Print exactly the lines that run from the opening line of the material through the line with "美式复古皮艺沙发三人双人位小户型，客厅真皮牛皮，简约现代家用办公", and nothing else, leaving out pictures.
BEGIN Material for the task
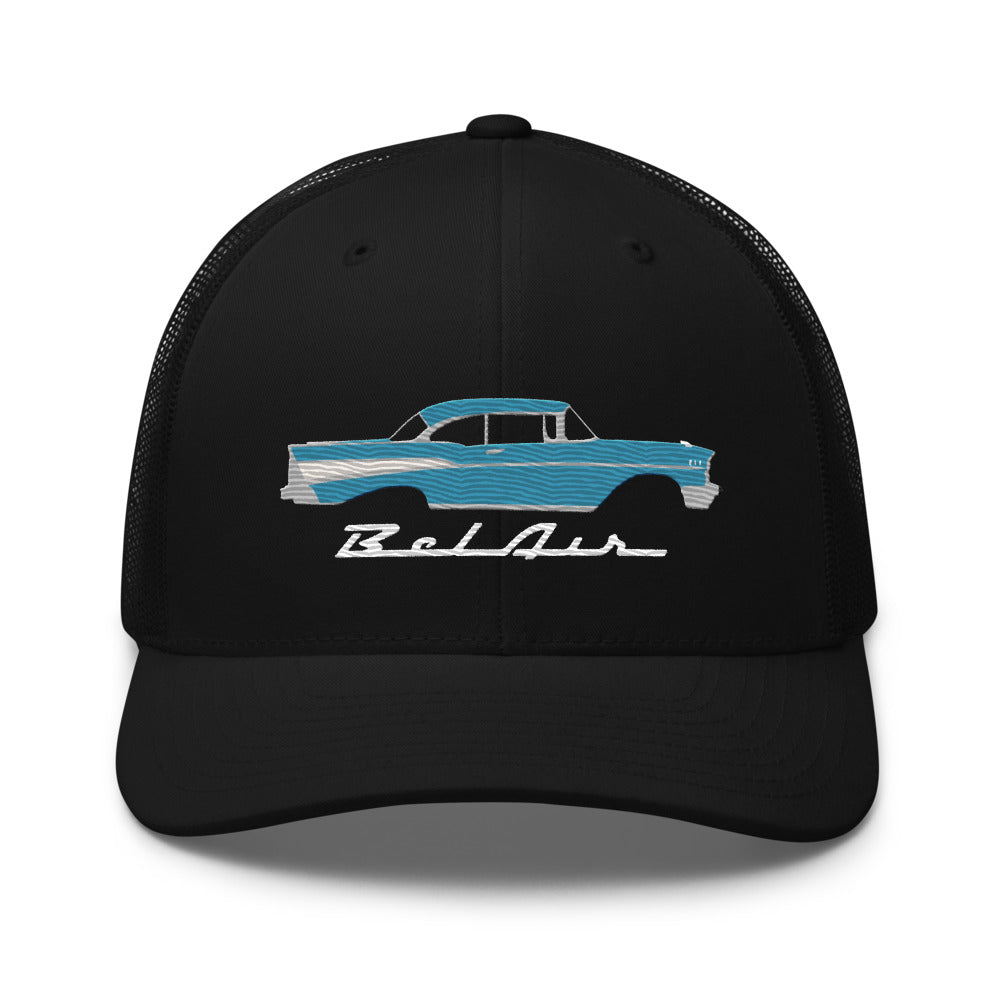 1957 Bel Air Tropical Turquoise Hardtop Antique 57 Chevy Classic Car Graphic Trucker Cap Snapback hat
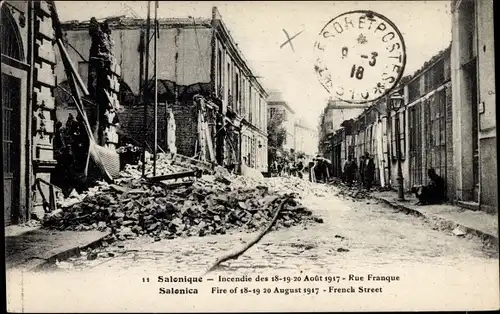 Ak Thessaloniki Griechenland, Incendie 1917, Rue Franque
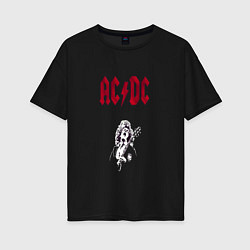 Футболка оверсайз женская AcDc - roook фильтр amaro, цвет: черный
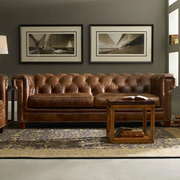 美式复古皮艺沙发三人双人位小户型，客厅真皮牛皮，简约现代家用办公
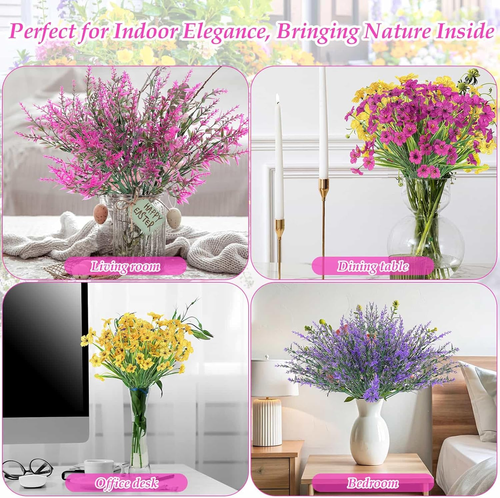 18 Bundles Artificial Flowers for Outdoor, UV Resistant Fake Flowers with Plasti - Picture 7 of 7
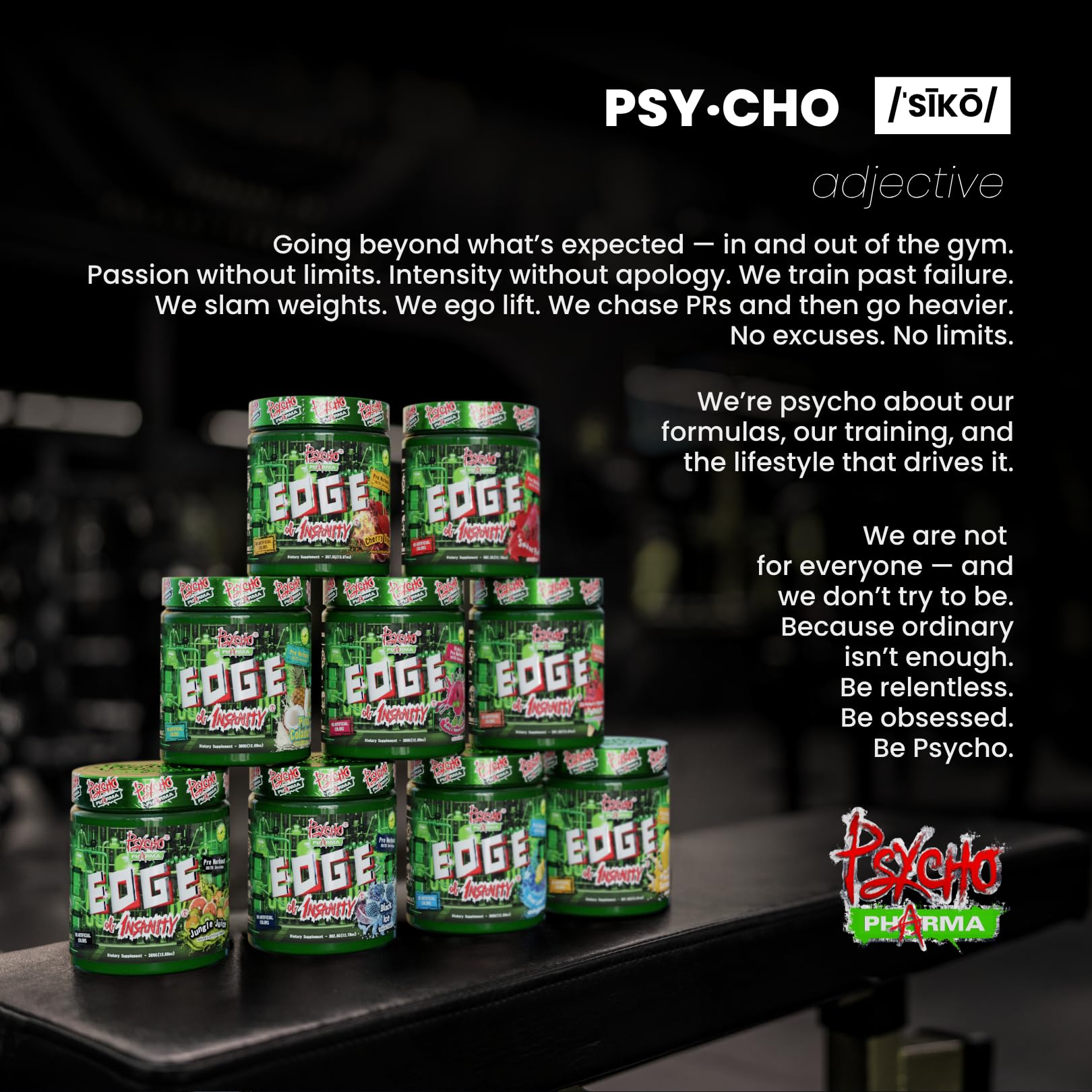 Psycho Pharma comparación de tamaño en mano, ilustra cantidad por bote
END Material for the task
■ Result of the exercise ■
 1957 Bel Air Tropical Turquoise Hardtop Antique 57 Chevy Classic Car Graphic Trucker Cap Snapback hat
 Ak Thessaloniki Griechenland, Incendie 1917, Rue Franque
 Футболка оверсайз женская AcDc - roook фильтр amaro, цвет: черный
 美式复古皮艺沙发三人双人位小户型，客厅真皮牛皮，简约现代家用办公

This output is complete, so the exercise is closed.